# [Brief descriptive captions]
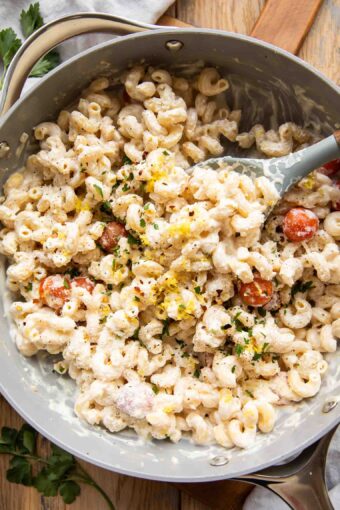 Lemon pasta in a skillet.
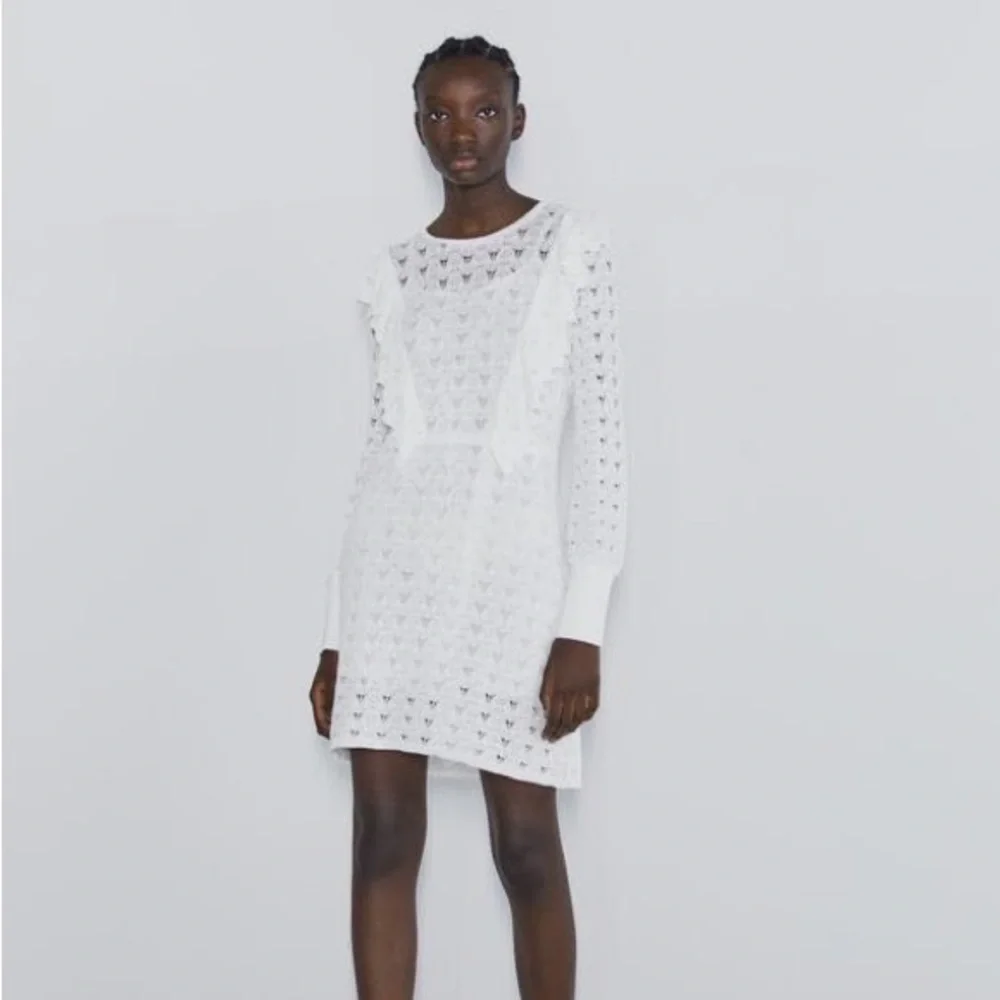 Zara NWT Medium White Pointelle‎ Knit Long Sleeve Mini Dress Ruffles
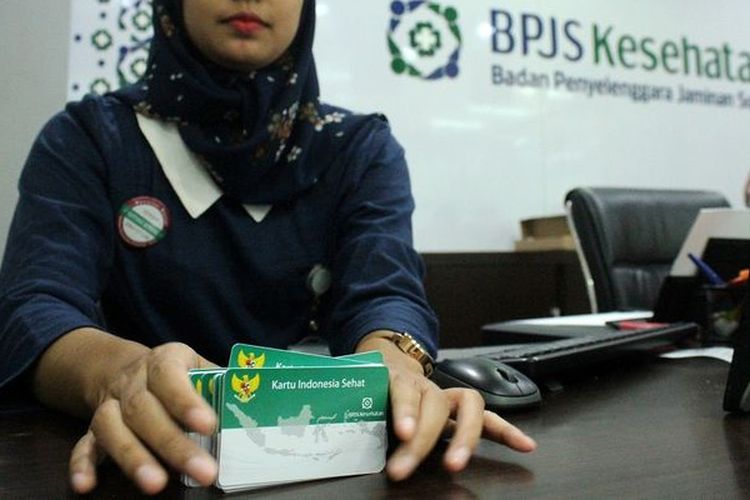 Ilustrasi BPJS Kesehatan. Skrining kesehatan BPJS membantu Anda mendeteksi risiko penyakit sejak dini, cukup melalui aplikasi atau di fasilitas kesehatan terdekat.
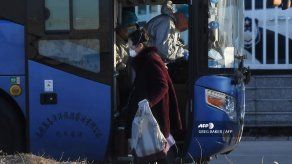 Rayos ultravioleta para desinfectar los autobuses en China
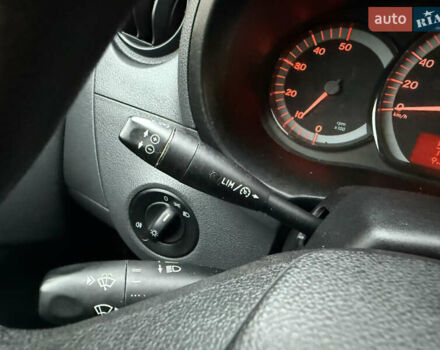 Білий Мерседес Сітан, об'ємом двигуна 1.5 л та пробігом 255 тис. км за 13200 $, фото 50 на Automoto.ua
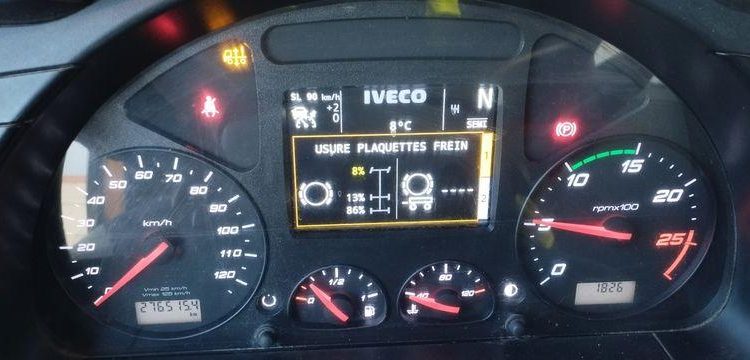 IVECO STRALIS AD260  PLATEAU PORTE ENGINS – PTAC : 32 TONNES – DIESEL – 276515 KMS JAUNE ET-765-ZZ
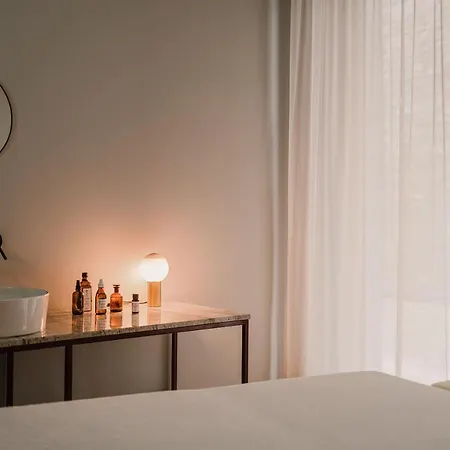 Отель The Comodo Bad Gastein, A Member Of Design Бадгаштейн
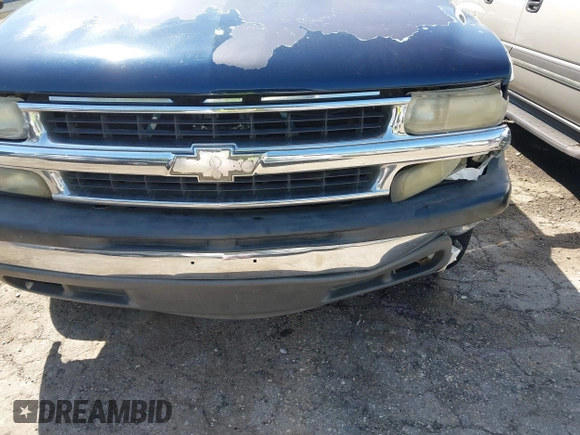 2005 Chevrolet Suburban LT with VIN 1GNEC16Z05J141829, listed as a IAAI auction lot 41985299 with 207,990 mi miles. Bid and sale history available at carsss.com. Image 6.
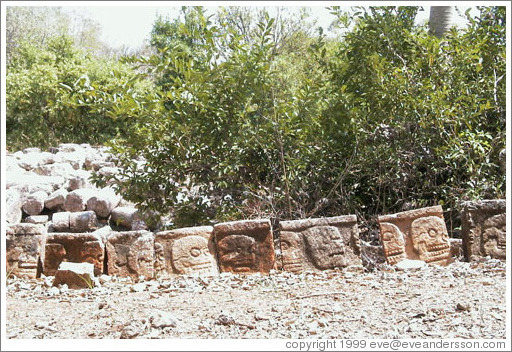 Skulls. Chichen Itza.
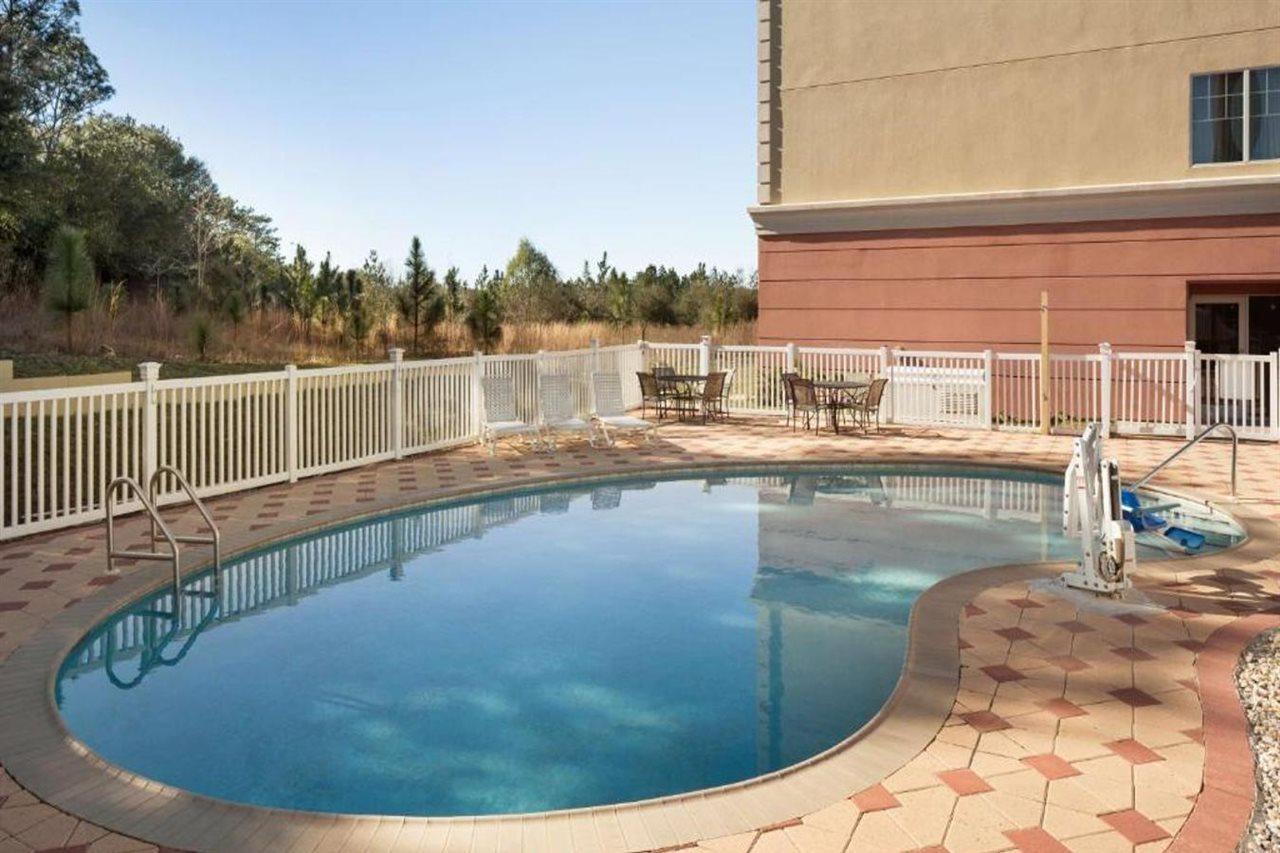 Country Inn & Suites By Radisson, Crestview, Fl Extérieur photo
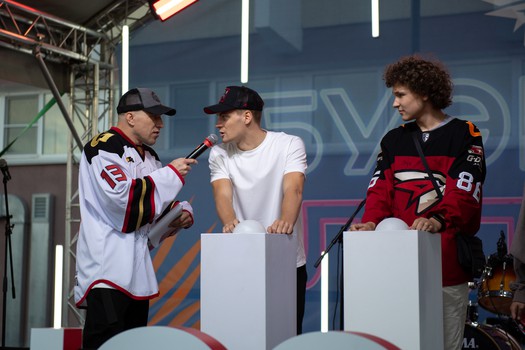 Дмитрий Рашевский в Омске на вечеринке Буэнос Летос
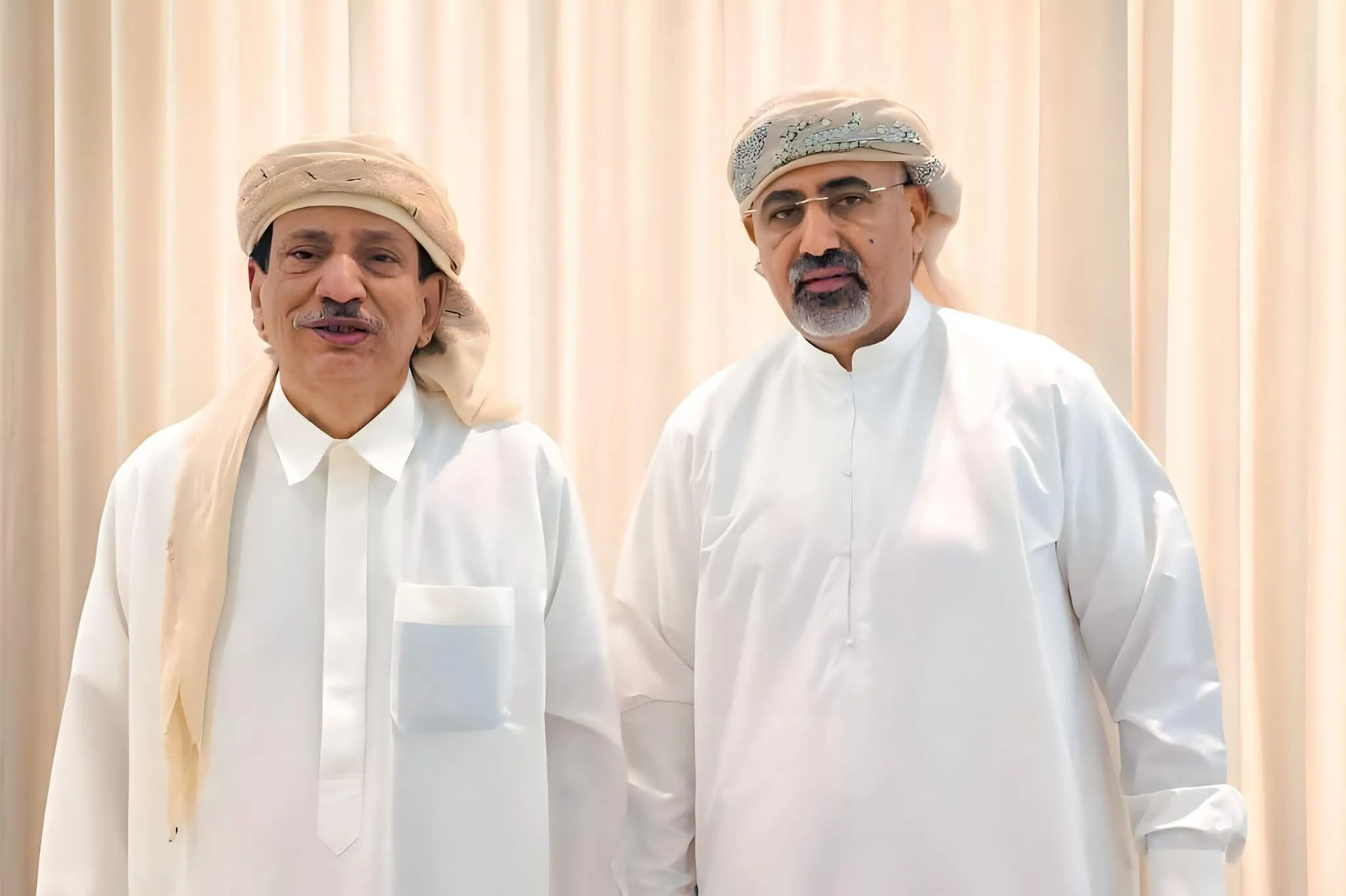 الرئيس الزُبيدي يُثني على جهود السلطة المحلية بالمهرة ويشيد باليقظة العالية لقوات محور الغيظة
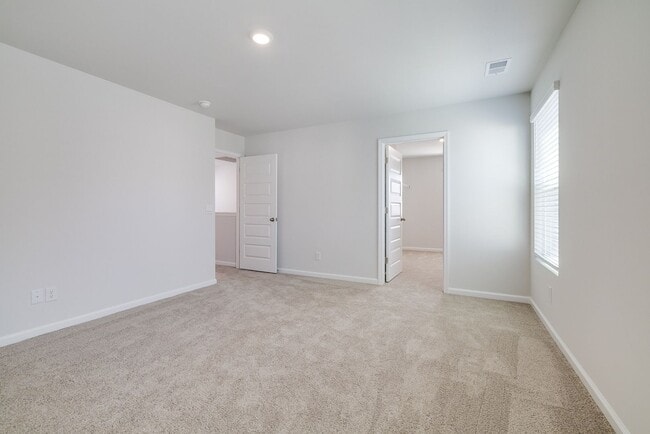 Building Photo - Spacious 4-Bedroom Home in Sought-After Lo...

# [YOUR ASSIGNMENT]
Leaving out every picture, transcribe exactly the lines from the line that contains "Дмитрий Рашевский в" through the final line of the entries above.

# [TASK RESPONSE]
 Дмитрий Рашевский в Омске на вечеринке Буэнос Летос
 الرئيس الزُبيدي يُثني على جهود السلطة المحلية بالمهرة ويشيد باليقظة العالية لقوات محور الغيظة
 Building Photo - Spacious 4-Bedroom Home in Sought-After Lo...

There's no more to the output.